I do. The logs become too big, and you see irrelevant things, on which 
you will waste your time searching for what you are looking for (ie: a 
daemon which didn't start or something like this).

>> On 05/18/2015 04:39 PM, Gaudenz Steinlin wrote:
> One other advantage of grub is that it's much better integrated into the
> Debian system. update-grub is automatically called and makes sure that
> it always boots the latest kernel with all security fixes. It also
> automatically adds a rescue option.

In OpenStack, there's an option to add things on the kernel command 
line, so the grub thing for it is irrelevant. Upgrading to the latest 
kernel image will also work with syslinux, AFAIK. (If not, let me know, 
and then it must be easy to fix.) Also, I do not think it's the cloud 
workflow to upgrade a kernel on a running VM, then reboot it. IMO, you 
should just update your image and boot that instead. If you're not doing 
that, then you are missing the point of using cloud computing.

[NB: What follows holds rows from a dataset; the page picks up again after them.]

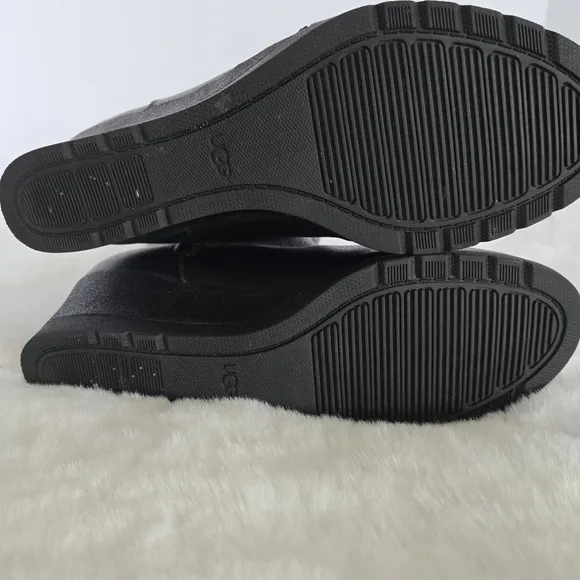 Ugg Potero Black Leather Wedge Women's Boots Size 7.5 EUC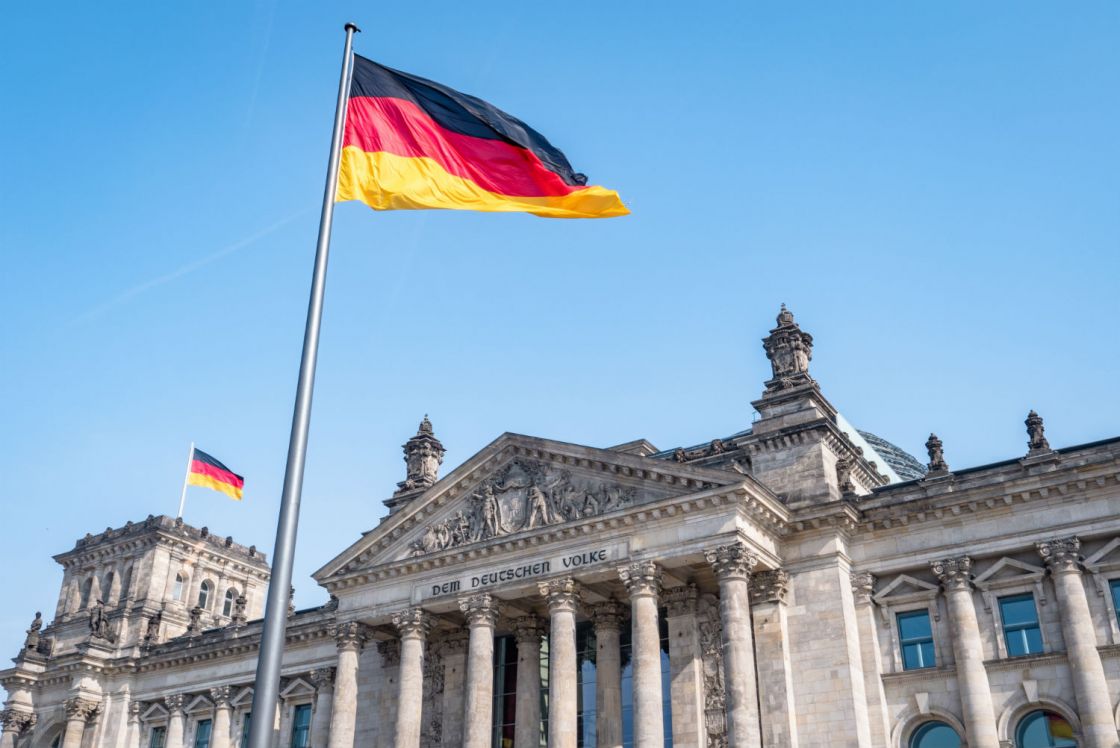 هل ستدخل ألمانيا قائمة العقوبات الأمريكية؟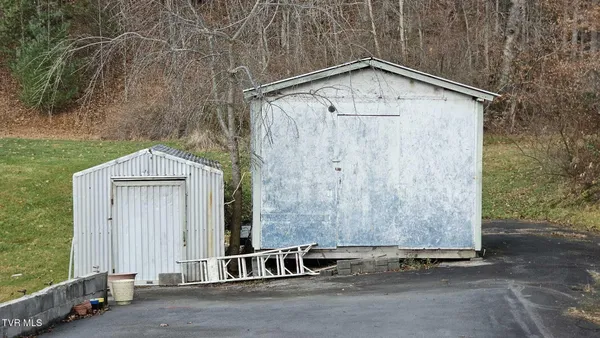 $190,000 | 323 6th Street Northwest, Coeburn, VA 24230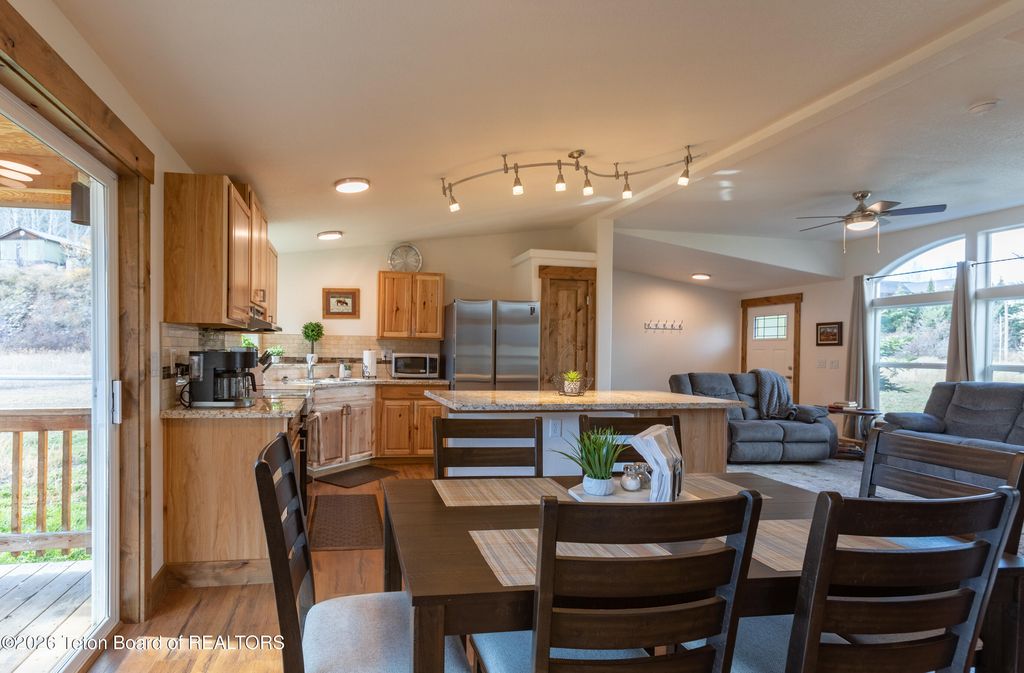 508 THREE RIVERS Drive, Alpine, WY 83128 photo 3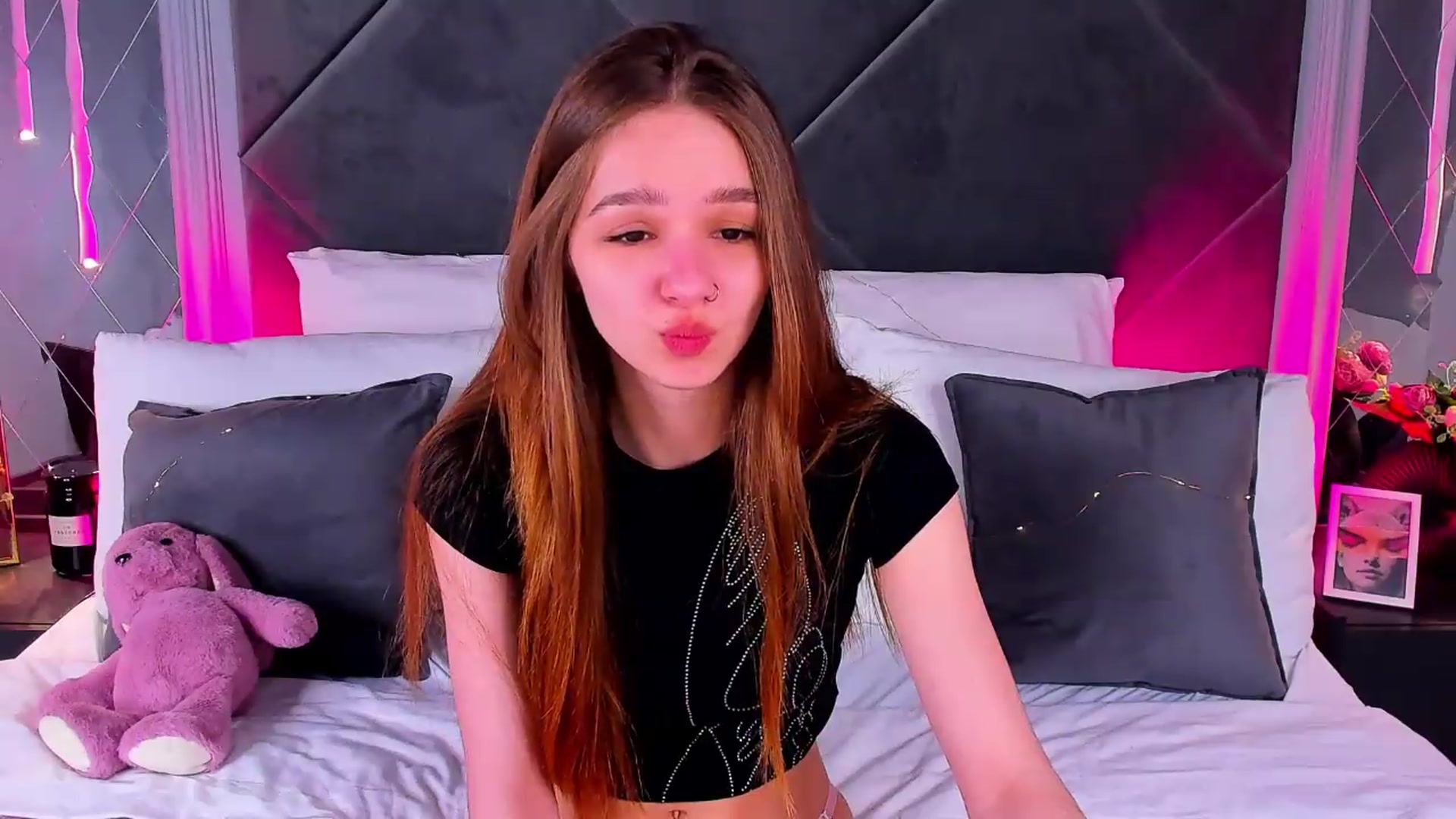 Gallery image thumbnail from Jessika18's myfreecams stream on, 05/16/2026, 15:31 image 10 of 20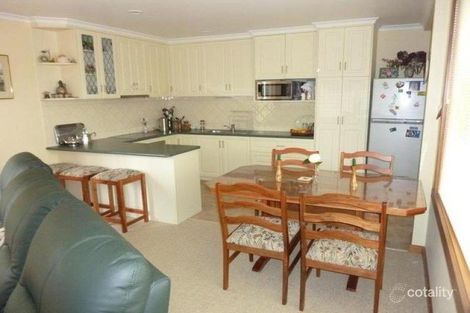 2/3 Quiggins Gr, Ulverstone, TAS 7315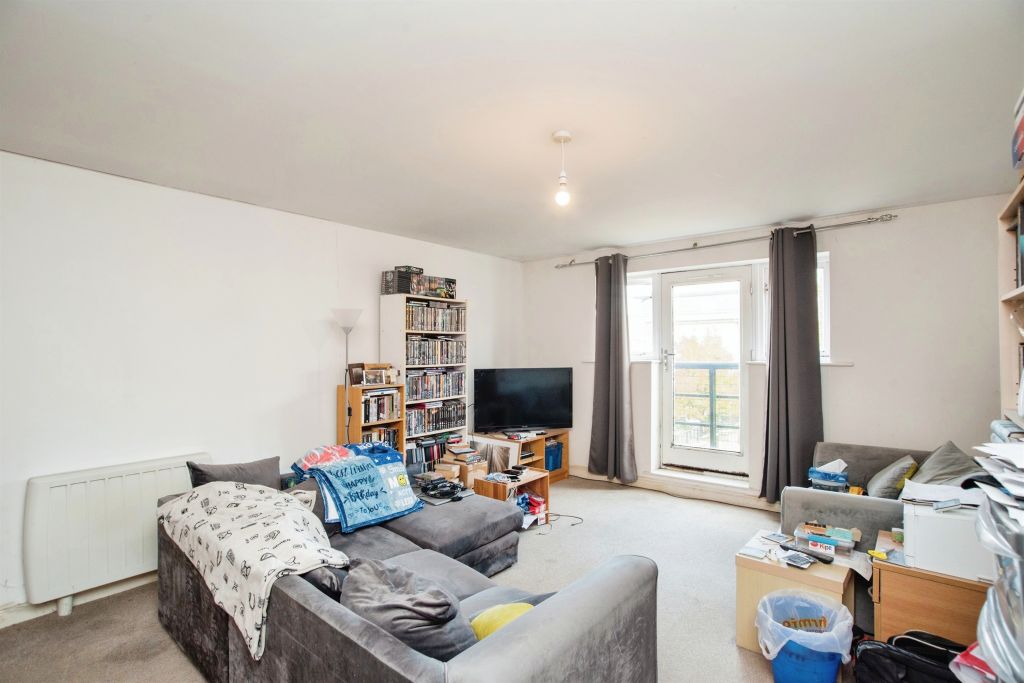 Property photo 3 of 17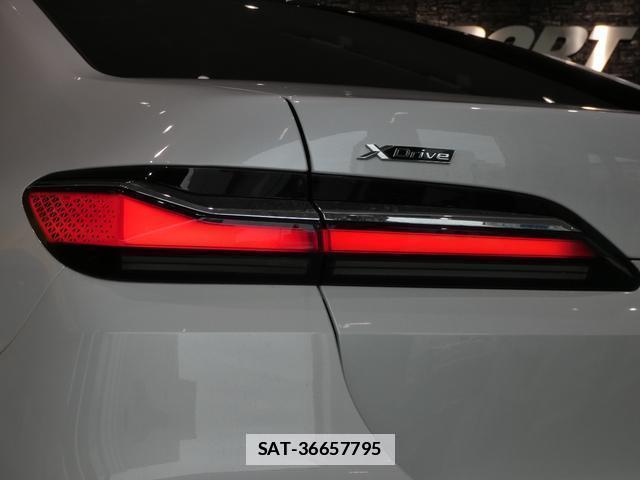 Bmw 7 SERIES 2023-03 7813598-3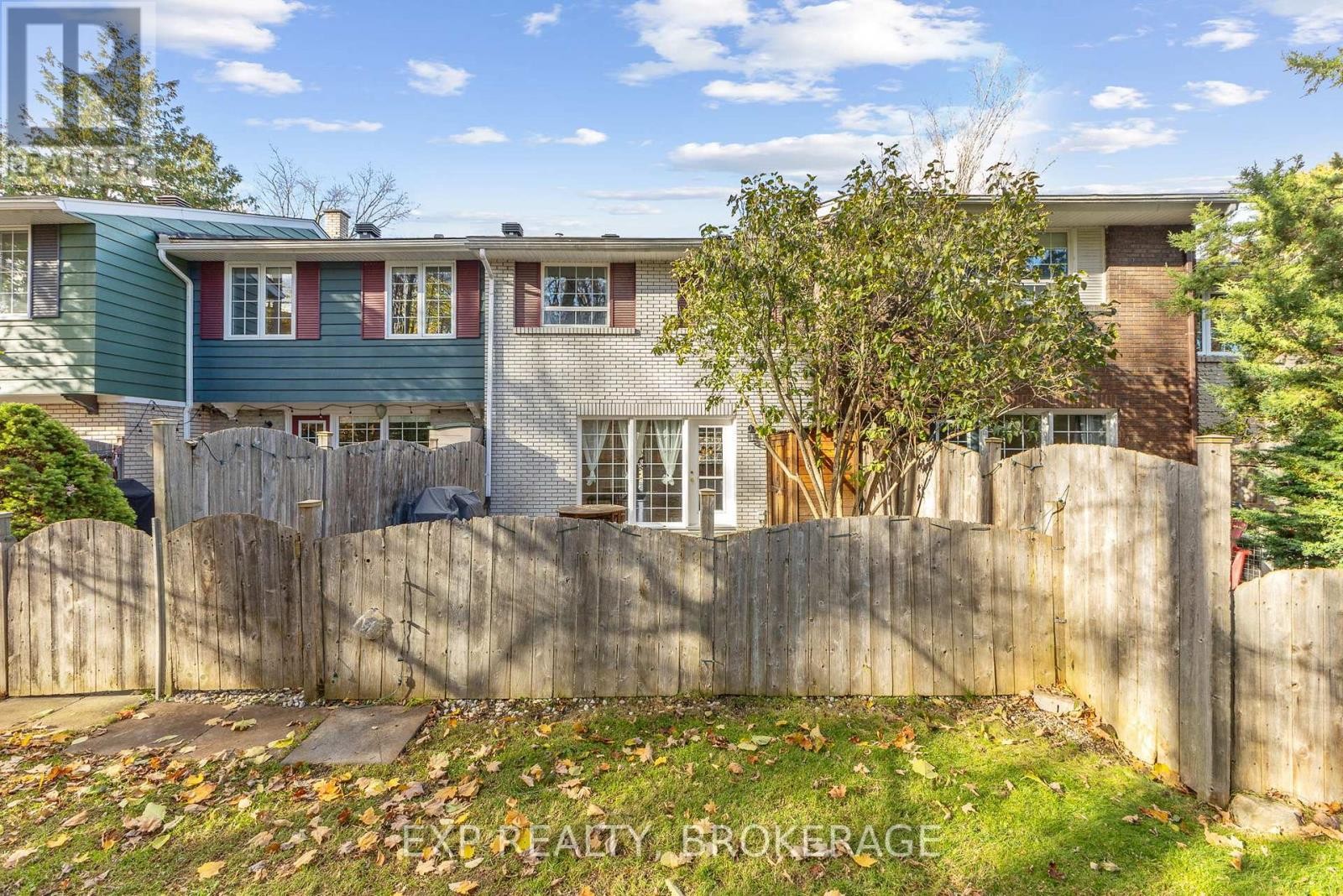 












896 WALKLEY ROAD

,
Ottawa,




Ontario
K1V6R5

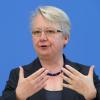 Bildungsministerin Annette Schavan (CDU) sieht sich dem anonymen Vorwurf von Plagiaten in ihrer Doktorarbeit ausgesetzt. Sie soll demnach Quellen nicht immer ausreichend benannt haben.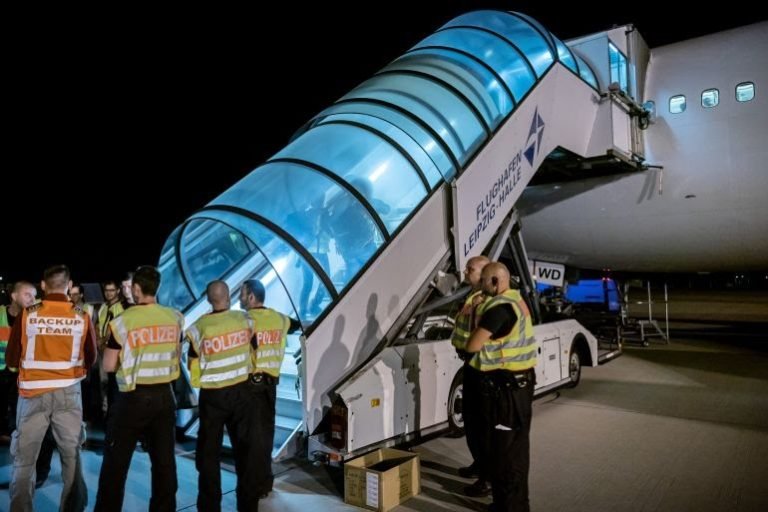 د آلمان د زاکسن ایالت وزیر:درې افغان پناه‌ غوښتونکي له اېستنې مخکې تښتېدلي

>> Sure. But this means renaming the output file after the facts, which we
>> may not want to do. Best would be to find a way to know what the is the
>> current point release number out of a wget / curl command (or something
>> like this...). I'm opened to any suggestion for this.
>
> I don't see why creating the image to a temporary file that get's
> renamed at the end is problematic. I'd prefer that to the hardcoded
> version number.

Because I'd like to implement a check to see if the file is present on 
the HDD or not before starting the build. Something like this:

if [ -e ${AMI_NAME} ] ; then
     echo -n "There's already a file named ${AMI_FILE}: overwrite it?"
     read overwrite_ami_file
     if [ "${overwrite_ami_file}" = "n" ] ; then
         exit 1
     fi
fi

If we don't know the file name before starting, then it will do all the 
process of debootstrap before knowing that probably it should stop. 
That's really not user friendly.

> But if you find a way to get the version number before starting the
> build that's fine too.

Would you know how I may get the content of /etc/debian_version from 
base-files in Jessie with couples of wget / curl calls? That may be one 
of the ways. Maybe there's some more easy way to go. Adding Steve 
McIntyre as Cc: as he may have the answer.

>> Also, I'd like to add a --output-file option: it's trivial to implement,
>> and may be useful.
>
> That's a good idea anyway. Agreeed.